Question

How do I prove that the function y=sqrt(2x+3) is only continuous past -1.5 with limits?

Answer 1

sqroot should not be negative

Answer 2

I need to prove it with limits

Answer 3

take the limit of that function at x=-3/2
from both sides! if the limit exist and have a value then the function must be continues past -1.5

Answer 4

So I have to plug in numbers really close to -1.5 on both sides?

Answer 5

to show what im saying here
\[\lim_{x \rightarrow \frac{-3^-}{2}}\sqrt{2x+3}=\lim_{x \rightarrow \frac{-3^+}{2}}\sqrt{2x+3}\]

Answer 6

we must show that this exist and true!

Answer 7

well that's one way of thinking about it^_^

Answer 8

Would I say that the limit approaching from the left is undefined or DNE?

Answer 9

open study is going crazy lol

Answer 10

what?

Answer 11

well check the limit and see! why would it be undefined?

Answer 12

to me it is tending to some value?

Answer 13

Because the function doesn't exist before (-1.5,0)

Answer 14

but it is going towards some value even if there nothing before that point

Answer 15

So I do not have to take the left hand limit because the function does not exist past -1.5?

Answer 16

yeah! the function needs not the part from the left!

Answer 17

Ok.
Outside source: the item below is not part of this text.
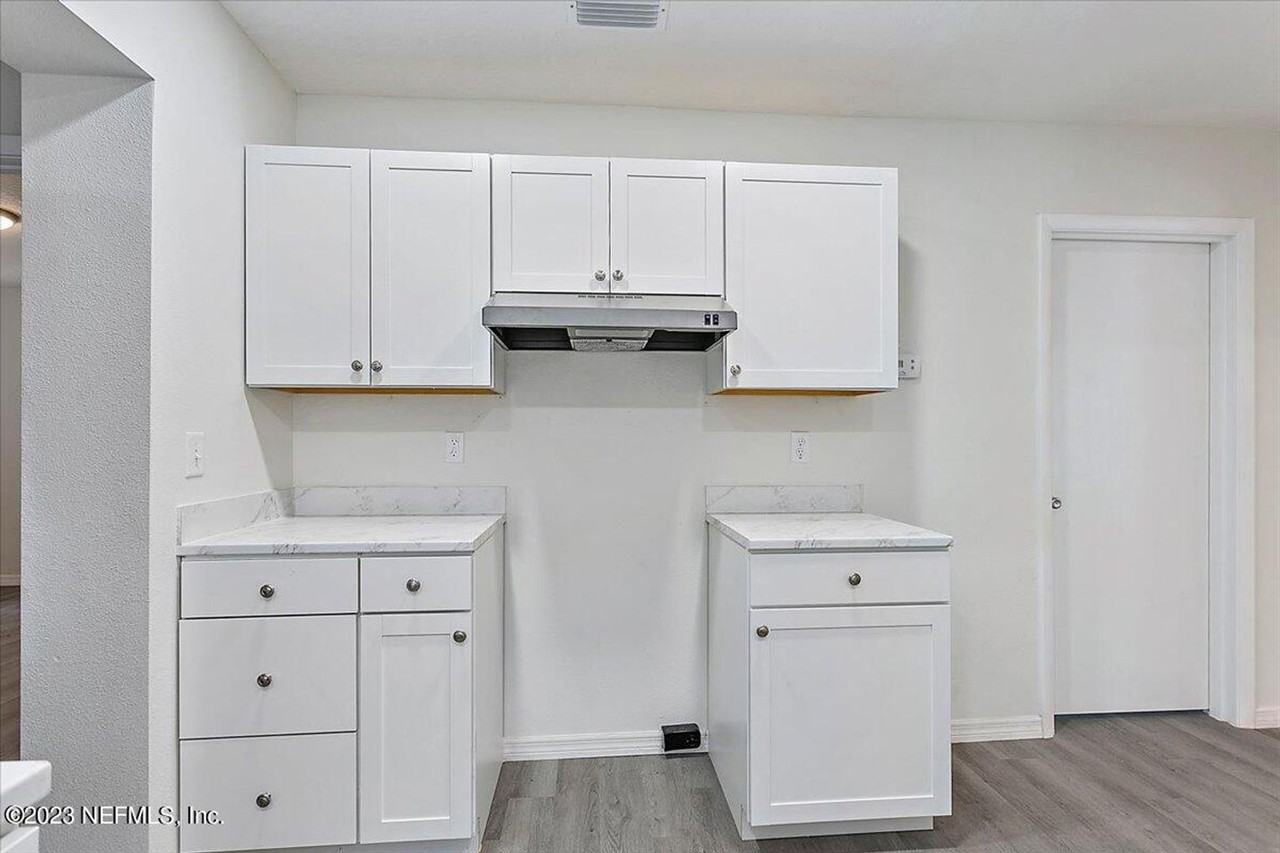 1628 W 33rd St - Photo 4 of 11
So I only take the right limit?

Answer 18

yes! your function will be continuos from x>=-3/2 other than that
the function doesn't exist

Answer 19

Ok. So I don't need to prove that it doesn't exist below that? I can just state that?

Answer 20

you could state the function is defined only in the interval x>=-3/2
domain of f
and therefore limit from below doesn't exist

Answer 21

Oh ok. Thanks!

Answer 22

yw!